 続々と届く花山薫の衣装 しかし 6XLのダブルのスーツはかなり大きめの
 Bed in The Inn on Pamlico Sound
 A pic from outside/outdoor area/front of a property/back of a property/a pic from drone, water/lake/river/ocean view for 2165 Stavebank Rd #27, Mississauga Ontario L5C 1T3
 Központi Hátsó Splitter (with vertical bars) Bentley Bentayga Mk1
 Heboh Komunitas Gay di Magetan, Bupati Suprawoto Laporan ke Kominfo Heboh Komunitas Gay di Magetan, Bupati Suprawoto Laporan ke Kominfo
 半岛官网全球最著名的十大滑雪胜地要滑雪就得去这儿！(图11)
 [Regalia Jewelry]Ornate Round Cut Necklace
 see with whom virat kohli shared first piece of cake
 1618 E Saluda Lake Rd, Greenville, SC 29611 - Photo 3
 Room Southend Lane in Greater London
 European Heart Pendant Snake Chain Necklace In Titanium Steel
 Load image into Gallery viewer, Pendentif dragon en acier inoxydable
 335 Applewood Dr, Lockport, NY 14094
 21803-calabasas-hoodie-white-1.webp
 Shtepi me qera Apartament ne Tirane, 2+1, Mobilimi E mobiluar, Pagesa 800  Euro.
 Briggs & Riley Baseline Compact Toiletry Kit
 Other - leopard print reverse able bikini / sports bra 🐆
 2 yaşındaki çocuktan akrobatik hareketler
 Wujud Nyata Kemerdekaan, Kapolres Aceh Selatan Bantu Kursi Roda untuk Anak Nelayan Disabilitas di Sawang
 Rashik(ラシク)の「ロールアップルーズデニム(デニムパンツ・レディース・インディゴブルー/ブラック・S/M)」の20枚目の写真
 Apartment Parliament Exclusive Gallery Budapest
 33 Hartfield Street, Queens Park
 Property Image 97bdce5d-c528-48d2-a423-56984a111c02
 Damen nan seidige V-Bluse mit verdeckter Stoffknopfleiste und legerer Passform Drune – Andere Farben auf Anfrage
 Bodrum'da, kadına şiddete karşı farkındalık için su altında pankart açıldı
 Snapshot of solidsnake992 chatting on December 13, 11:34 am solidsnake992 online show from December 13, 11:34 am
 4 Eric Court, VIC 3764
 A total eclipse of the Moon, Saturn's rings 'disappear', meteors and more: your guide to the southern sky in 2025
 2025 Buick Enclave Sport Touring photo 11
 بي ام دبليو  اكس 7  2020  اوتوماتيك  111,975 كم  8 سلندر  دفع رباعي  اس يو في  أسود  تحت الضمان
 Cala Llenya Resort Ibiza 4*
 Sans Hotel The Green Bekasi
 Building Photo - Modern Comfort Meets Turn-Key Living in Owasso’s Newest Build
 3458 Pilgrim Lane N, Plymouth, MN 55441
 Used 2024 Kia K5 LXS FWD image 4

********

What the task asks
Retype all of the entries exactly, please.

Exercise result
 続々と届く花山薫の衣装 しかし 6XLのダブルのスーツはかなり大きめの
 Bed in The Inn on Pamlico Sound
 A pic from outside/outdoor area/front of a property/back of a property/a pic from drone, water/lake/river/ocean view for 2165 Stavebank Rd #27, Mississauga Ontario L5C 1T3
 Központi Hátsó Splitter (with vertical bars) Bentley Bentayga Mk1
 Heboh Komunitas Gay di Magetan, Bupati Suprawoto Laporan ke Kominfo Heboh Komunitas Gay di Magetan, Bupati Suprawoto Laporan ke Kominfo
 半岛官网全球最著名的十大滑雪胜地要滑雪就得去这儿！(图11)
 [Regalia Jewelry]Ornate Round Cut Necklace
 see with whom virat kohli shared first piece of cake
 1618 E Saluda Lake Rd, Greenville, SC 29611 - Photo 3
 Room Southend Lane in Greater London
 European Heart Pendant Snake Chain Necklace In Titanium Steel
 Load image into Gallery viewer, Pendentif dragon en acier inoxydable
 335 Applewood Dr, Lockport, NY 14094
 21803-calabasas-hoodie-white-1.webp
 Shtepi me qera Apartament ne Tirane, 2+1, Mobilimi E mobiluar, Pagesa 800  Euro.
 Briggs & Riley Baseline Compact Toiletry Kit
 Other - leopard print reverse able bikini / sports bra 🐆
 2 yaşındaki çocuktan akrobatik hareketler
 Wujud Nyata Kemerdekaan, Kapolres Aceh Selatan Bantu Kursi Roda untuk Anak Nelayan Disabilitas di Sawang
 Rashik(ラシク)の「ロールアップルーズデニム(デニムパンツ・レディース・インディゴブルー/ブラック・S/M)」の20枚目の写真
 Apartment Parliament Exclusive Gallery Budapest
 33 Hartfield Street, Queens Park
 Property Image 97bdce5d-c528-48d2-a423-56984a111c02
 Damen nan seidige V-Bluse mit verdeckter Stoffknopfleiste und legerer Passform Drune – Andere Farben auf Anfrage
 Bodrum'da, kadına şiddete karşı farkındalık için su altında pankart açıldı
 Snapshot of solidsnake992 chatting on December 13, 11:34 am solidsnake992 online show from December 13, 11:34 am
 4 Eric Court, VIC 3764
 A total eclipse of the Moon, Saturn's rings 'disappear', meteors and more: your guide to the southern sky in 2025
 2025 Buick Enclave Sport Touring photo 11
 بي ام دبليو  اكس 7  2020  اوتوماتيك  111,975 كم  8 سلندر  دفع رباعي  اس يو في  أسود  تحت الضمان
 Cala Llenya Resort Ibiza 4*
 Sans Hotel The Green Bekasi
 Building Photo - Modern Comfort Meets Turn-Key Living in Owasso’s Newest Build
 3458 Pilgrim Lane N, Plymouth, MN 55441
 Used 2024 Kia K5 LXS FWD image 4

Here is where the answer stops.